Head Start, a preschool program for low-income kids has been a spectacular success, not for kids, but for teachers and teachers' unions.
Please consider Miami-Dade County seeks to unload Head Start program, salaries
For more than four decades, Miami-Dade County officials have managed Head Start, the storied preschool program for children from low-income families. But the county now wants out — and “generous” salaries are partly to blame.Key Concern of Politicians and Unions
On average, Miami-Dade paid its Head Start teachers $76,860 in salary and fringe benefits in 2011, county records show.

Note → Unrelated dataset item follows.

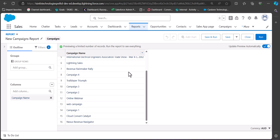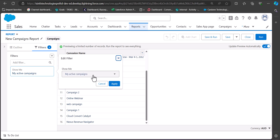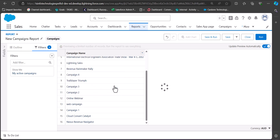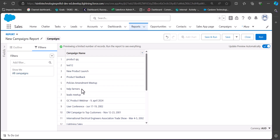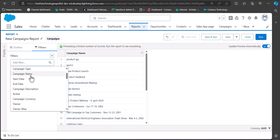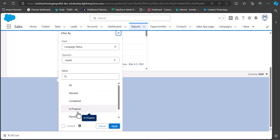You can also add filters to generate or remove records from the report table. Click on the Filters tab — it is showing My Active Campaigns by default. If you want to show all campaigns, select the Show Me field as All Campaigns and click Apply. You will then see all campaigns, whether active or non-active, visible on the report table.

That’s about 90 percent higher than the second highest-paying Head Start provider in the county, Catholic Charities, which paid its teachers an average of $40,418 in salary and benefits.
On the administrative side, 17 county Head Start staffers made more than $100,000 in salary and benefits.
Last week, the county submitted paperwork to offload much of the Head Start program to three local agencies: the Miami-Dade school system, Easter Seals of South Florida and the YWCA of Greater Miami-Dade.
But the plan has been met with resistance from some parents and politicians, who say the shake-up would hurt the current Head Start staffers.
About 400 county employees would face the prospect of either losing their jobs or accepting substantial pay cuts if the new agencies hire them.
“You’re talking about great people who worked with kids for their entire lives with the county and now we’re saying, ‘We can do it cheaper,’?” said Evelio Torres, president and CEO of Early Learning Coalition of Miami-Dade/Monroe. “You’re talking about people who are trying to pay their mortgages and support a family.”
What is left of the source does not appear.